= WORK TO BE COMPLETED =
Nothing but the lines below from the one containing "Recycled Polyester-Cotton Four-Way" through the one containing "Caleffi Completo Lenzuola" should appear in the answer, exact and without pictures.

= MATERIAL FOR THIS TASK =
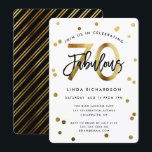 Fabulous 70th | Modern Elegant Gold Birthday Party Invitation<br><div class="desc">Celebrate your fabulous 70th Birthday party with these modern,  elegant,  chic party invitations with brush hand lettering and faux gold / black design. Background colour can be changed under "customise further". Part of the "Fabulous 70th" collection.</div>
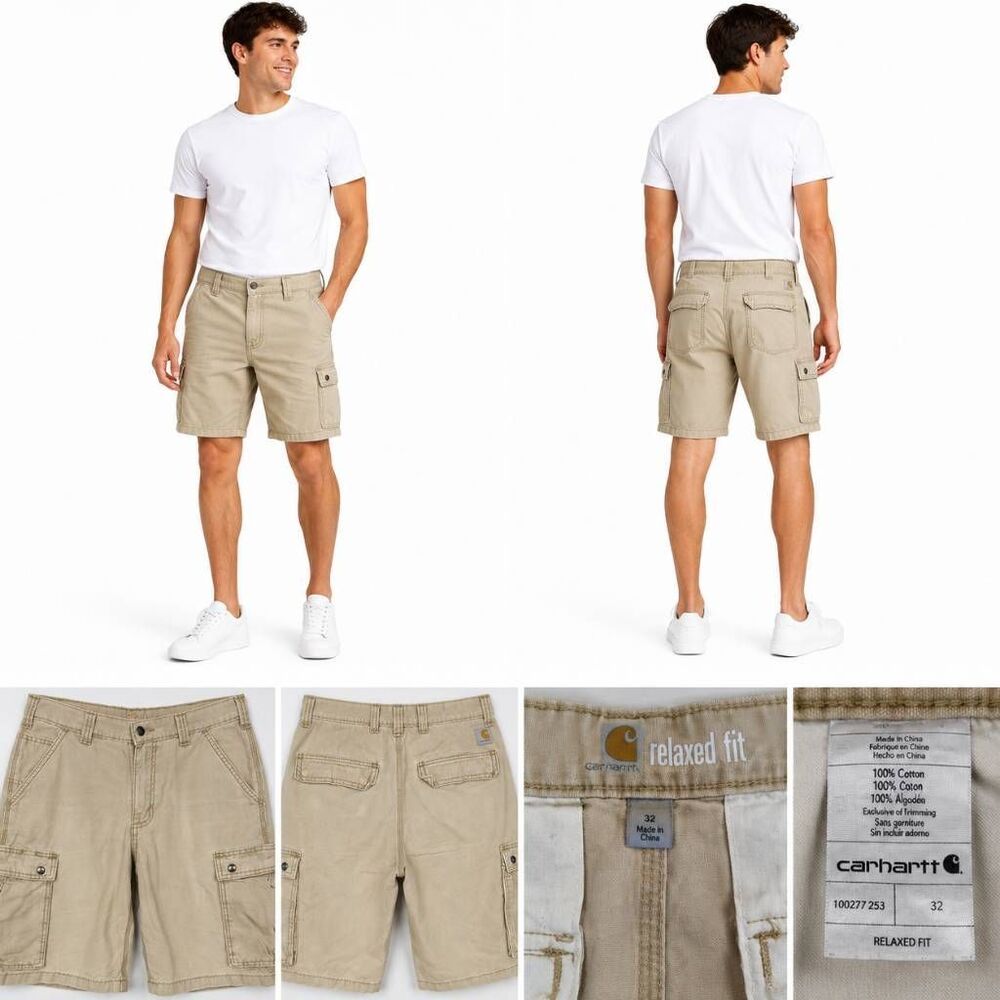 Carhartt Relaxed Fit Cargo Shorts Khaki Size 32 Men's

* * *

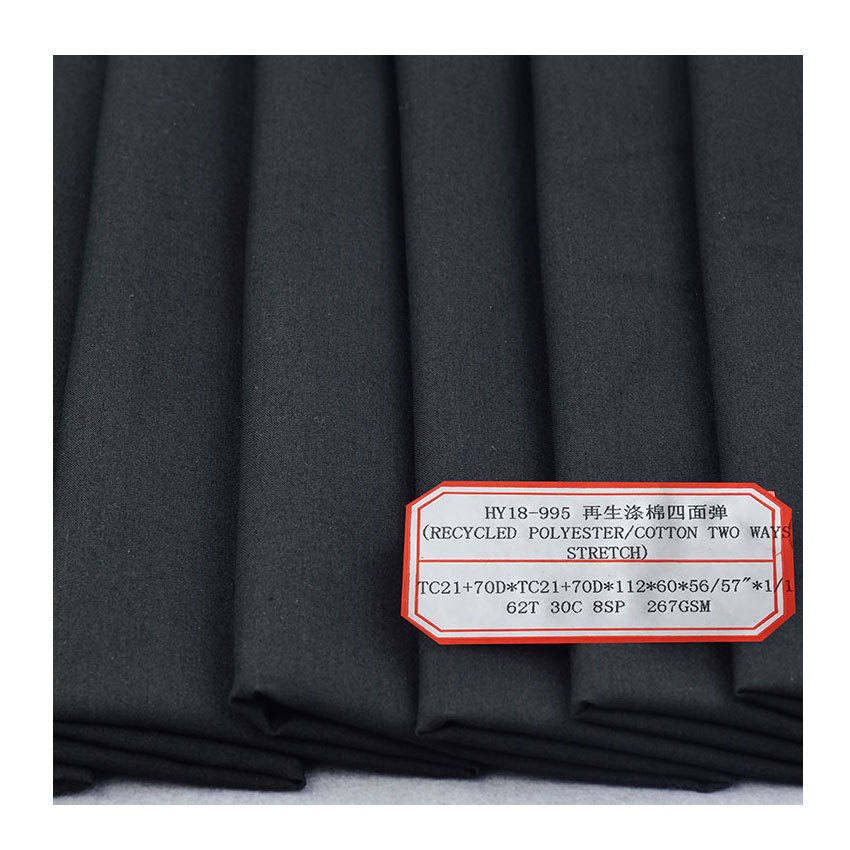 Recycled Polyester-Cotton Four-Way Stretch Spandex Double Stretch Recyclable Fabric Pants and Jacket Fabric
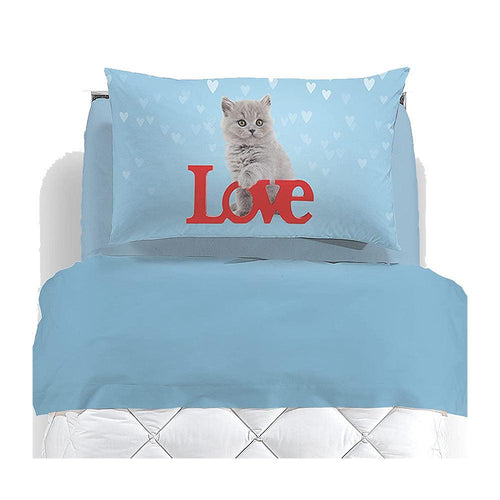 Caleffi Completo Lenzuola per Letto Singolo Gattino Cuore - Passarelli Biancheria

---

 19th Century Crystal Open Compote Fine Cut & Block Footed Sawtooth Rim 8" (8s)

= YOUR RESPONSE =
 Recycled Polyester-Cotton Four-Way Stretch Spandex Double Stretch Recyclable Fabric Pants and Jacket Fabric
 Caleffi Completo Lenzuola per Letto Singolo Gattino Cuore - Passarelli Biancheria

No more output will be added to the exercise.